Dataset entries
=== Section Start ===

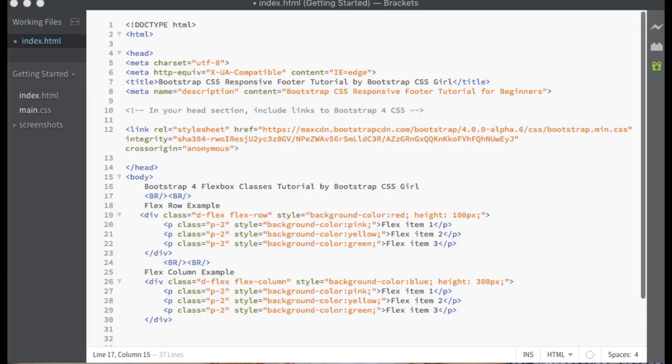Hello everyone! Welcome to this tutorial on Bootstrap 4 Flexbox Utility Classes. My goal is to provide you with some code examples and illustrations at the end of this tutorial that will hopefully help you learn more about using Flexbox with Bootstrap 4. Bootstrap 4 has utility classes that make it easy to implement Flexbox within your layouts. Using Flexbox, you can easily make responsive web designs. If you want to learn about Flexbox CSS code, I have a separate tutorial for that. This tutorial is about how to use the Flexbox Utility Classes within Bootstrap 4.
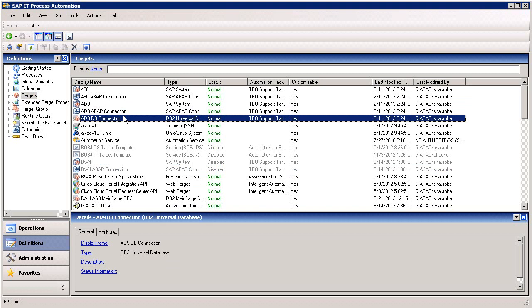The database connectors can interact with all the databases you'd typically use with SAP software, including Oracle, SQL Server, and DB2. As you can see from the list of targets on the screen, SAP IT Process Automation offers connectors to a wide range of IT resources, from application servers to web servers and more.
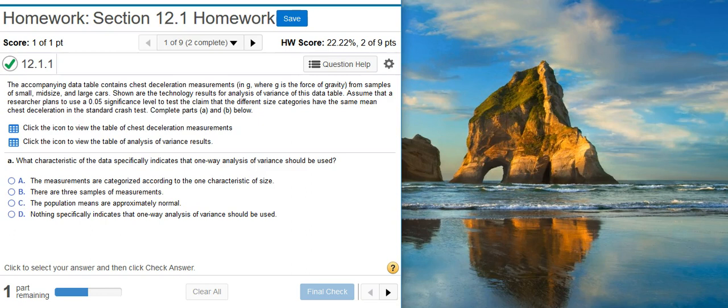Part A says: what characteristic of the data specifically indicates that one-way analysis of variance should be used?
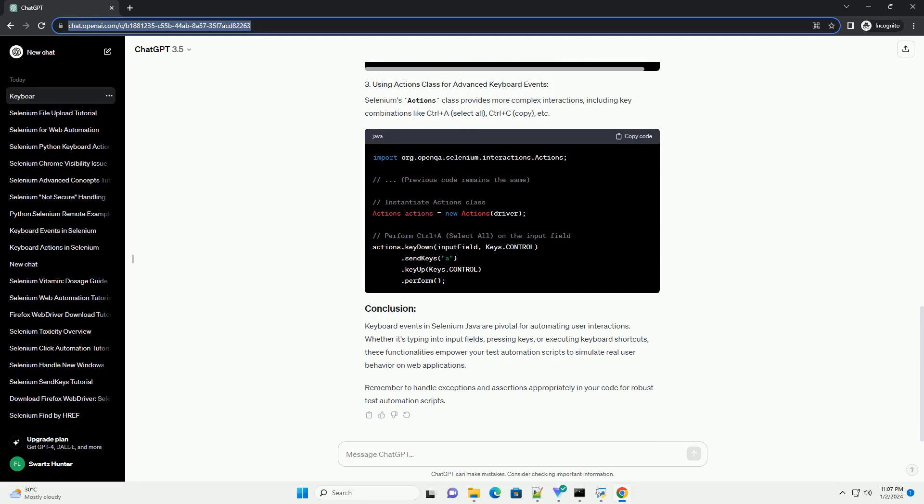You can simulate special keys or keyboard shortcuts using the send keys method as well. For instance, pressing Enter after typing text.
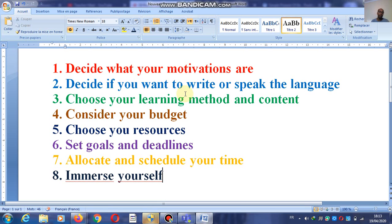Number seven: allocate and schedule your time. Am I going to learn in the morning? Am I going to learn in the evening? Or am I just going to learn on weekends? This is what I mean by allocating or scheduling your time.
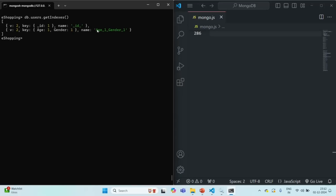When the default index gets created on the underscore id field, that index is also unique. That means this id field will store only unique values — no two documents in the same collection will have the same id value. This is what a unique index does: when we create a unique index on a field, that field can only store unique values, and no two documents will have the same value for that field. We can also create unique indexes on fields other than underscore id.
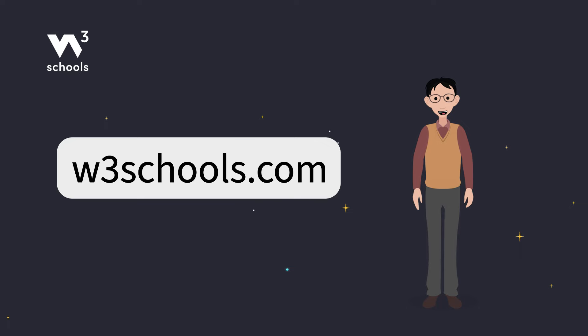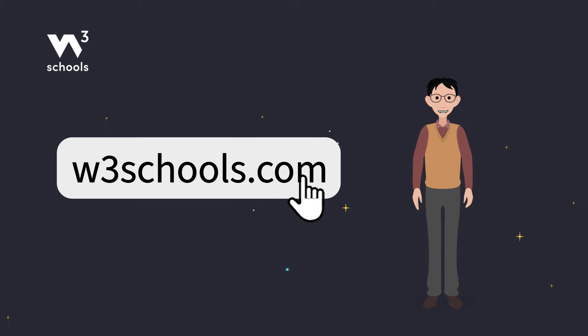For more coding tips and tricks, keep it locked right here on W3Schools.com. Don't forget to try out what you've learned in our interactive editor. Happy coding!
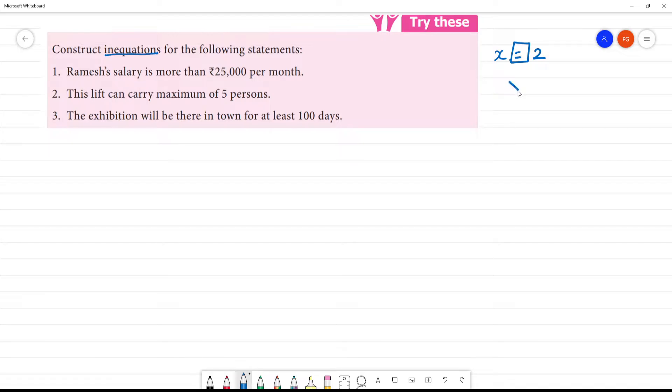When we use greater than or equal to, or less than or equal to, in the statement, that is called an inequality.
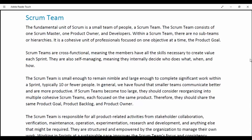Scrum teams are cross-functional, meaning the members have all the skills necessary to create value each Sprint. They are also self-managing, meaning they internally decide who does what, when and how. The Scrum team is small enough to remain nimble and large enough to complete significant work within a Sprint, typically 10 or fewer people. Smaller teams communicate better and are more productive. If the Scrum team becomes too large, they should consider reorganizing into multiple cohesive Scrum teams.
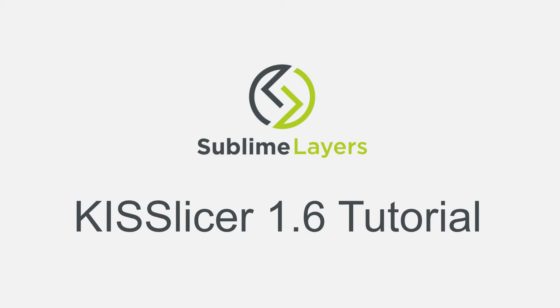Hello everyone, I'm Michael Hackney and in this KISSlicer 1.6 tutorial, I'm going to take a look at setting and managing print speeds with a little side trip into flow rates.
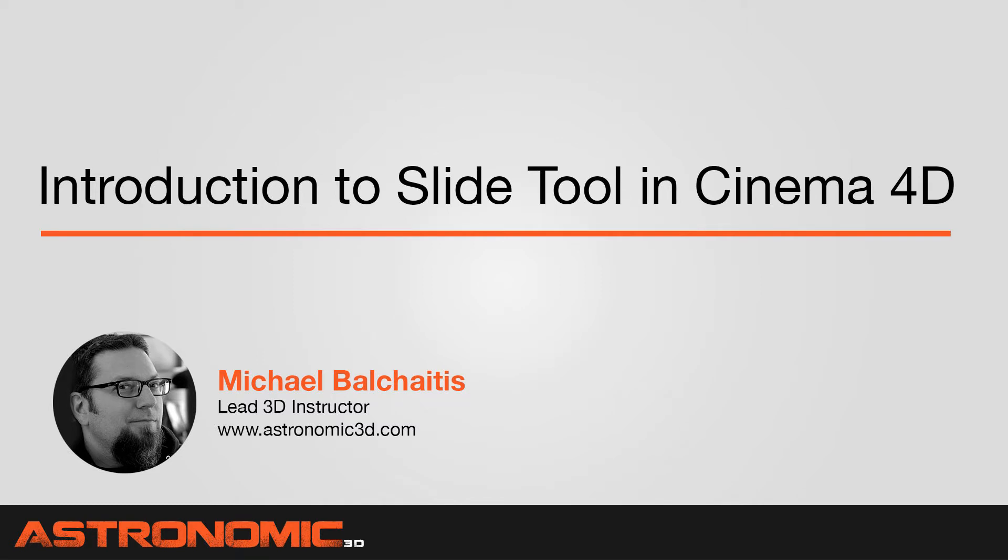Hi guys, this is Mike. In this Cinema 4D tutorial, I'm going to introduce you to the slide tool.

=== Section End ===

What you have to do:
With pictures omitted, repeat the entries above word for word from the line holding "You can simulate" down to the line holding "For more coding", keeping both of those lines.

Problem solution:
You can simulate special keys or keyboard shortcuts using the send keys method as well. For instance, pressing Enter after typing text.
Number seven: allocate and schedule your time. Am I going to learn in the morning? Am I going to learn in the evening? Or am I just going to learn on weekends? This is what I mean by allocating or scheduling your time.
When the default index gets created on the underscore id field, that index is also unique. That means this id field will store only unique values — no two documents in the same collection will have the same id value. This is what a unique index does: when we create a unique index on a field, that field can only store unique values, and no two documents will have the same value for that field. We can also create unique indexes on fields other than underscore id.
For more coding tips and tricks, keep it locked right here on W3Schools.com. Don't forget to try out what you've learned in our interactive editor. Happy coding!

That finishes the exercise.